Based on successful fashion-drawing workshops at London’s Fashion and Textile Museum, How to draw vintage fashion encourages people to draw inspiration from fashion looks of the past to create their own unique designs. From the 1920s flappers to 80s punk to Hollywood glamour, the book introduces the basics vintage designs and the techniques for drawing them.
The first section of the book focuses on interviews with designers, models, stylists, and fashion bloggers about iconic photographs and garments that have helped to shape their work. The next section features a hands-on guide to drawing a range of vintage fashion including 1960s and 1970s looks, fashion inspired by musical trends, and the influence of style icons from cinema. There is also a section showcasing items with timeless appeal, including Ray Bans worn by James Dean, the biker jacket worn by Marlon Brando, and the Breton T-shirt made popular by Coco Chanel.
Savvy young fashionistas will recognize the influence of vintage styles on contemporary designs, and will delight in being able to incorporate these styles in their own fashion drawings.

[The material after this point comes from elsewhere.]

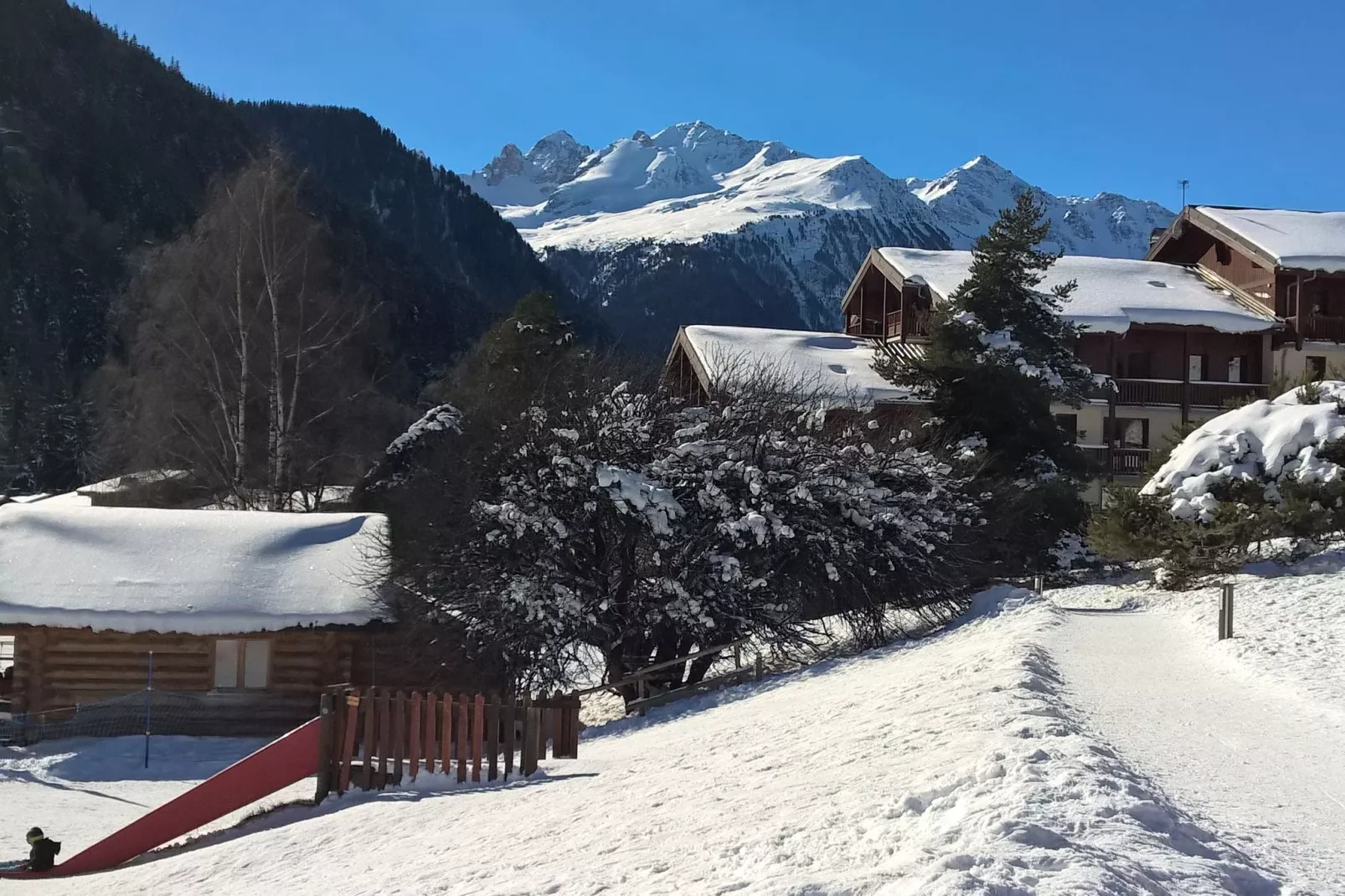 Charmant chalet in Villarodin vlakbij het strand aan het meer-Gebied winter 5km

Especially dynamic…This fun survey of 20th century fashion is surprisingly informative, particularly for tweens and teenagers.
— Library Journal
Lays a solid foundation for our future designers to get inspired and get started doing something extraordinary.
— Smart Books for Smart Kids
Joicey and Nothdruft do a pretty good job of giving a brief but accurate timetable for fashion with respect to designers, trends, fabrications, key silhouettes, icons, accessories, and more as well as some firsthand assessments of each era as told by a participant or authority of each era.
— New York Journal of Books
Look[s] at trendsetting 20th-century designers and their work, covers how-to-draw basics with a decade-by-decade focus on historical styles, and provides tips for researching vintage and designing. Attractively formatted with a retro vibe… [Offers] clear information and instructions, while emphasizing the importance of practicing skills and sketching constantly to develop and refine ideas.
— School Library Journal
Celia Joicey is Head of the Fashion and Textile Museum, London.
Dennis Nothdruft is Curator of the Fashion and Textile Museum, where he leads the museum’s series of drawing classes for young people. He lives in London.